It’s been a while since I’ve answered a reader question. I hope to do more of that in the coming weeks and months, either via blog posts or the podcast. If you have a question you’d like me to cover, click here.

Today’s question comes from Angela. She writes:

Hey Joe,

My mom can’t find a reason to sign my school loans for IPR. I want to get my Pro Tools Certification and my 2-year degree. How much on average does a person with those qualifications make?

This is a GREAT question. In fact, Fathomless Regression (a guest writer here on HSC) wrote about this in his article Do I Have to Go to College to Learn to Be a Recording Engineer? I’d recommend giving that a read. He makes some great points.

For a lot of aspiring engineers, going to college for engineering might not be a viable option. Some might opt for a Pro Tools Certification course. These can still cost quite a bit of money. I did some Googling, and it looks like it could potentially be a couple thousand dollars, depending on the school.

So, is it worth it?

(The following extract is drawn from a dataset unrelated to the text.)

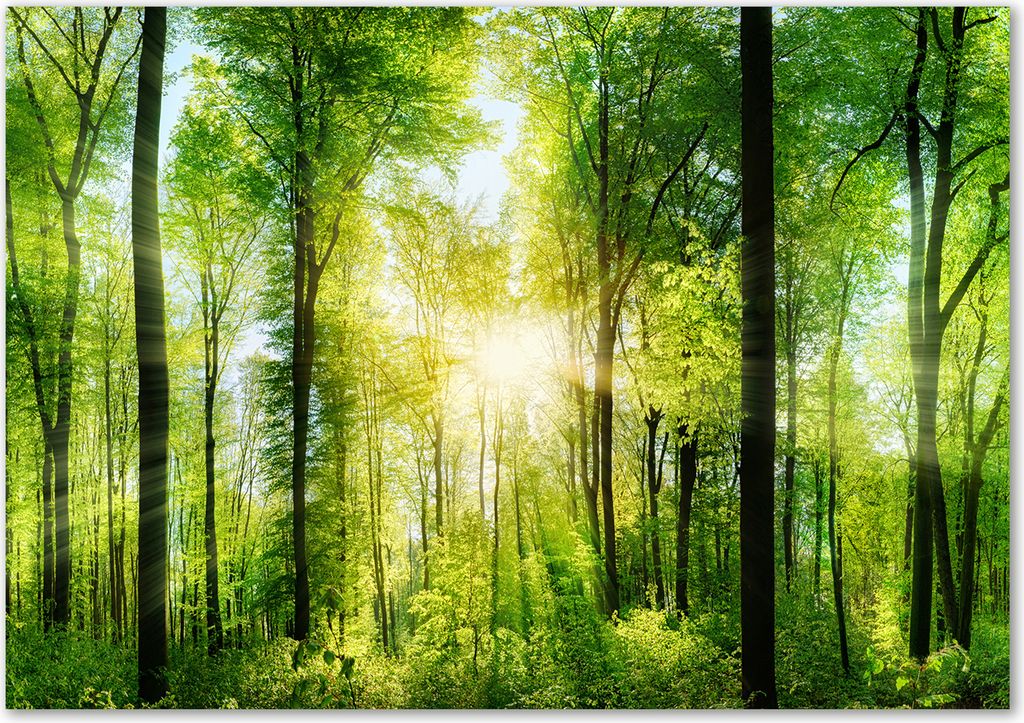 Tulup Leinwandbild - 100x70 cm - Wandkunst - Drucke auf Leinwand - Leinwanddruck - Landschaften - Grün - Wald Sonne
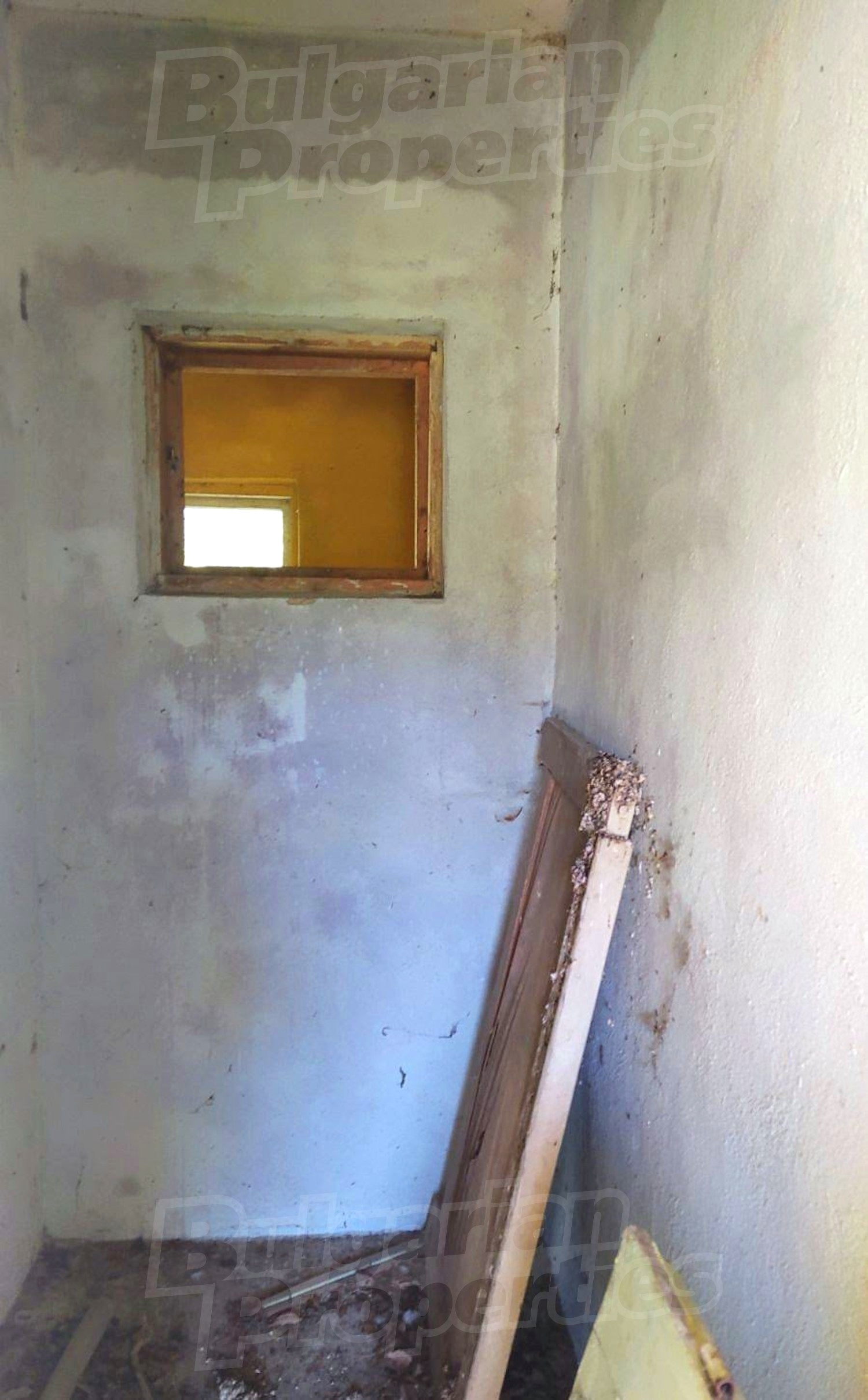 Gallery Picture 18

Well, I’m not a Pro Tools-Certified engineer, but I have some thoughts on the matter. (Also, see this interesting article I found: Pro Tools Certification – Is it Worth the Money?)

Here are a few questions to ask yourself:

What are your goals?

This may seem obvious, but if you don’t know specifically what you’re wanting to do as an engineer, it’s hard to answer the question, “Should I get a Pro Tools Certification?”

Is this a hobby or a career?

Another fairly obvious question, but are you wanting to make a living at this, or are you simply wanting to have the coolest hobby in the world. 🙂

Do you want to work for yourself or someone else?

If you’re wanting to work for a major recording studio, TV station, movie studio, etc., then having a Pro Tools Certification might give you a certain edge over the 800 other engineers who are applying for that same job.

I would ask around. Call a few studios (or a place you want to work), and simply ask them, “Do you require/prefer that applicants have a Pro Tools Certification?” If they say yes, then there’s your answer.

Let’s pretend I’m hiring an assistant engineer. I’ve narrowed it down to two applicants. One has his PT certification. The other has a high school diploma and a portfolio of 20 different album projects he’s worked on independently. Who do you think I’m going to hire? The guy who takes initiative and gets things done.

It’s just like any other industry. If you’re an accounting firm, do you hire the CPA with a 4.0 GPA fresh out of college with no work experience? Or do you hire the one with a 2.4 GPA who took 6 years to graduate college because he was working full-time as an assistant at a local accounting firm?

It’s all about what you bring to the table. Whether or not you get a certificate is really irrelevant. That’s just ONE piece of the puzzle.

Let’s say you want to work for yourself as a freelance engineer. Well, in that case a PT certification may not make as much sense, but only if you are committed to learning Pro Tools on your own or through other means (such as tutorial videos like my Understanding Pro Tools series). You can’t just have a passing knowledge of Pro Tools and hope to impress clients.

Conversely, knowing every Pro Tools shortcut in the entire system won’t help you make better recordings or get more clients. As with most things, it’s a balancing act.

Be an Entrepreneur

Whether you want to work for someone or work for yourself, you need to have an entrepreneurial spirit. Read business books, make yourself a valuable commodity. Don’t just do the bare minimum. Get out there and start recording someone this weekend.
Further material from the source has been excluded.